Well, those dress robes did make him look quite elegant. "I might consider it."
"Consider what?"
"Consider you."
A splutter.
"Now, that was a waste of perfectly good whisky." Sirius refilled Snape's glass, and added more to his own. Hmm, might need a new bottle soon, at this rate.
"I decline."
"Too late," said Sirius, cheerfully. "I poured it, you have to drink it."
"I was referring to...the other." Snape waved his hand and nearly knocked the bottle over. He looked visibly embarrassed. Good.
Sirius fluttered his eyelashes and made a moue. "You can't turn me down. I'm such a catch."
"Oh, please. You're a mangy mutt."
"You're a greasy git."
"Fuck you."
"Fuck you."
They drank.
...
"Actually," Sirius mused, "you're looking far less greasy today. I see you washed your hair in Harry's honor."
"When I dress for an occasion, I attempt to do it justice."
"Not bad at all. You should do it more often."
"No point in putting on the dog for oblivious students."
"Now, now. Do I detect a slur?"
Snape's eyes glittered maliciously. "Dog. Dog dog dog."
"Git git git."
"Fuck you."
"Fuck you."
They drank.
...
He looked up at a noise; it was Remus and, oh hell, what was her name? Angelica? Angela?
"Sirius. We're heading out now." His eyes darted back and forth between the two men.
"Yeah, okay." Sirius thought about standing, decided the risks were not worth it.
"Wolf wolf wolf," chanted Snape. Sirius giggled.
Remus stared. "Severus, are you all right?"
"Perfectly fine, Remus. Perfect. Pray introduce me to your lovely wife."
"The fine woman," interjected Sirius.
"Er, Angelique, this is Severus, an old schoolmate of mine. And you know Sirius. And we are leaving now."
"Charmed," said Angelique, looking bored. They moved away.
"Fuck you," said Snape, to their retreating backs.
"Not enough to share, anyway," said Sirius, pouring the last bit into their glasses.
...
"Bottle's empty," said Snape. He sounded gloomy.
"Fuck."
"You could get more."
"Your turn."
Snape gave him the Death Glare. Tried to, anyway.

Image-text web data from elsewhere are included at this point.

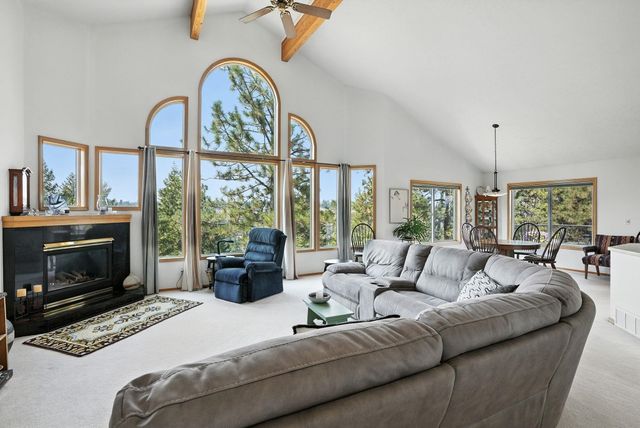 1607 E Wildflower Ln, Spokane, WA 99224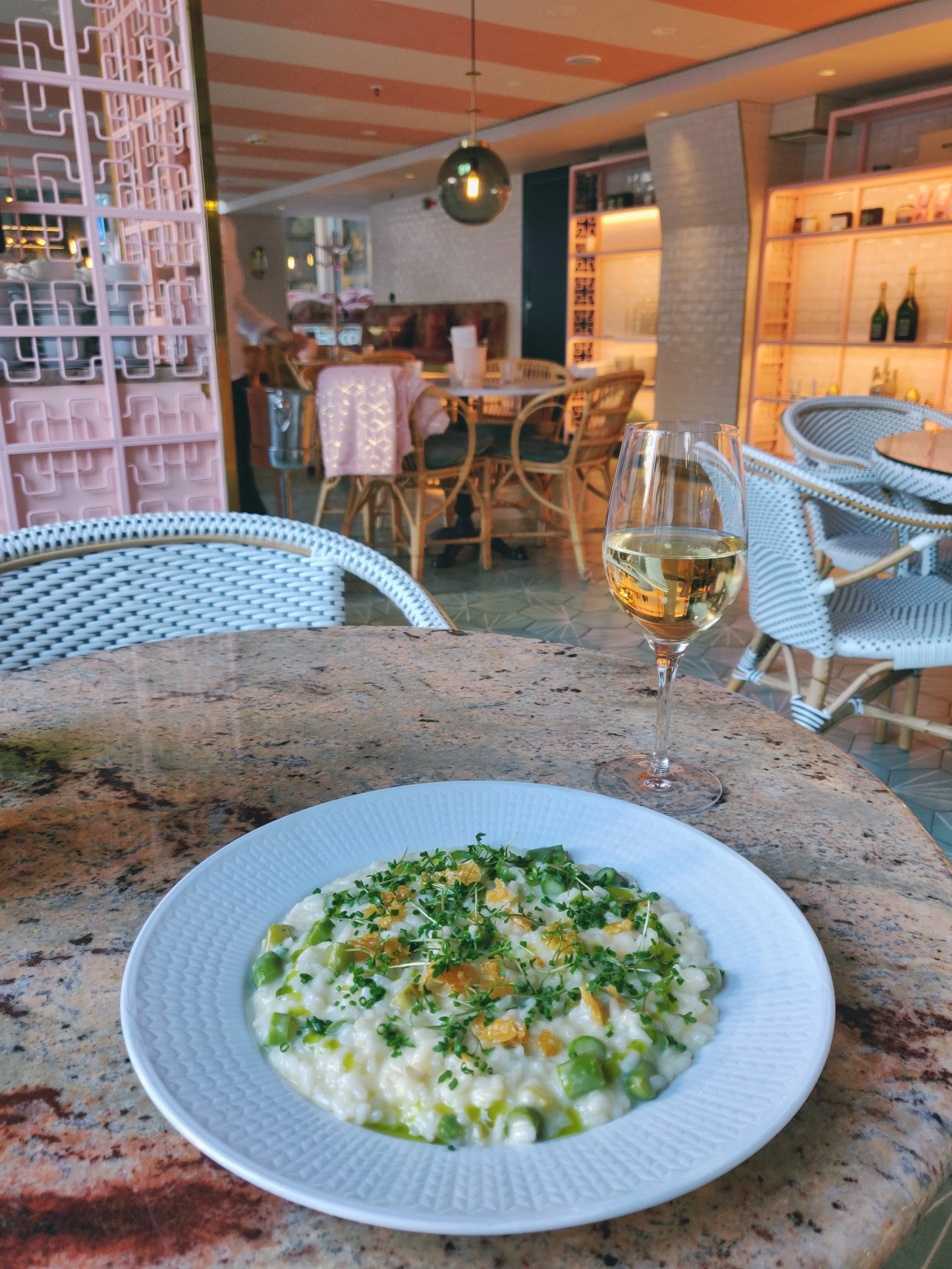 Jättegod risotto på hotellbaren i kväll, njöt av varje tugga.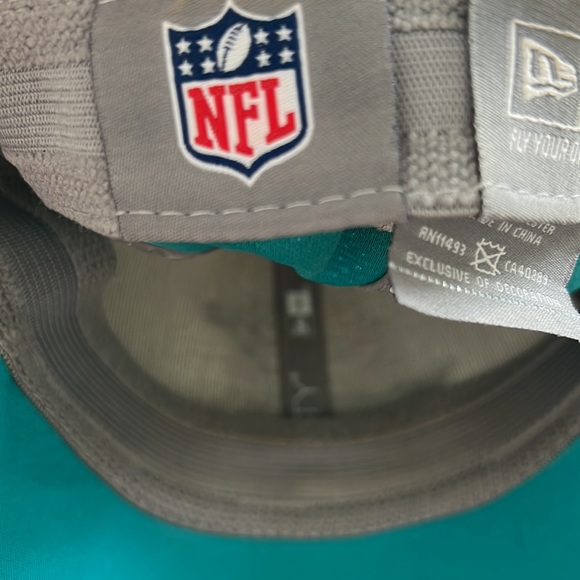 🏈🐬🧢Miami Dolphins Fitted Hat - Picture 6 of 7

"You can't look intimidating if you can't focus, you prat."
"Fuck you."
Sirius held up his glass. "We're empty."
"Fine." Snape stood up, and his chair fell over backwards. Sirius laughed.
"Shut up."
"Prat."
Snape came over and gave him a push. Chair and Sirius both tumbled to the ground. "Hah."

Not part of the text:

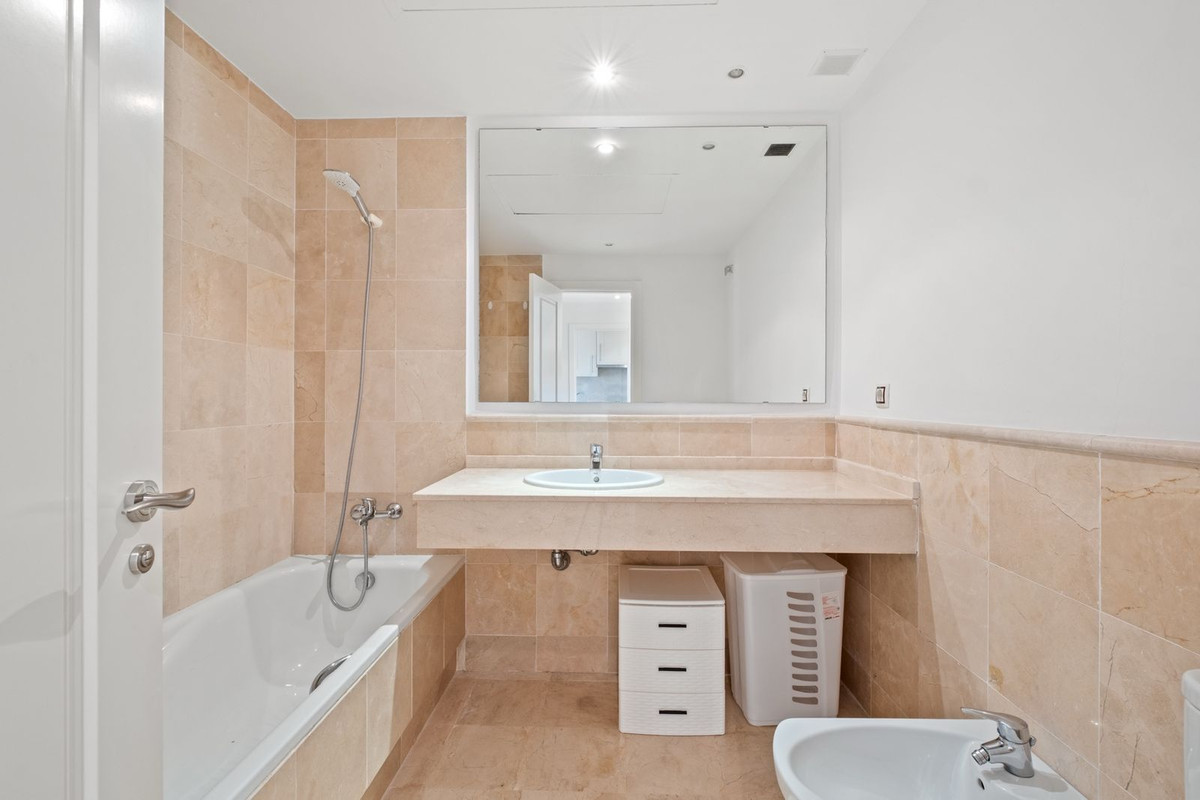 Appartement te koop in Nueva Andalucía | 2 slaapkamers H5379772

Sirius looped his arms around Snape's legs and pulled him down in a tangle of long limbs. "Hah yourself."
"Fuck you."
"Can't, we're empty." He looked up at Snape's flushed face, inches from his. "Unless that's an invitation."
"Fuck ymmmph," said Snape, as Sirius wrapped a hand behind his neck and kissed him, hard. He tasted of firewhiskey.
...
The new Mr. and Mrs. Potter had already left for their two weeks in Corfu. A few knots of people remained, but the party was over, and it was time to go. The Hogwarts professors had arrived in a group, and were about to depart in a group, although Severus was nowhere to be seen. Albus Dumbledore scanned the room; he had actually expected Severus to leave early, but Remus had said (with a rather bemused look on his face) that he was at a table near the back with Sirius. Who was also nowhere to be seen.

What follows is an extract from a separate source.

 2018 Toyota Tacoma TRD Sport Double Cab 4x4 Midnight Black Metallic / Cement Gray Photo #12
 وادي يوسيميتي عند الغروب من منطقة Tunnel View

Albus was on the point of rejoining the remaining teachers for the trip back to Hogwarts when he caught sight of four black-clad legs poking discreetly out from under a flowered tablecloth. He walked over to the table, lifted the edge of the cloth. There on the floor was Sirius, snoring lightly, with his head on Severus's arm; Severus had his face buried in Sirius's broad chest. "Well," said Albus. "Good enough to be going on with, indeed." He chuckled and let the tablecloth drop. As he walked back to the other teachers, he thought he heard, faintly: "Fuck you."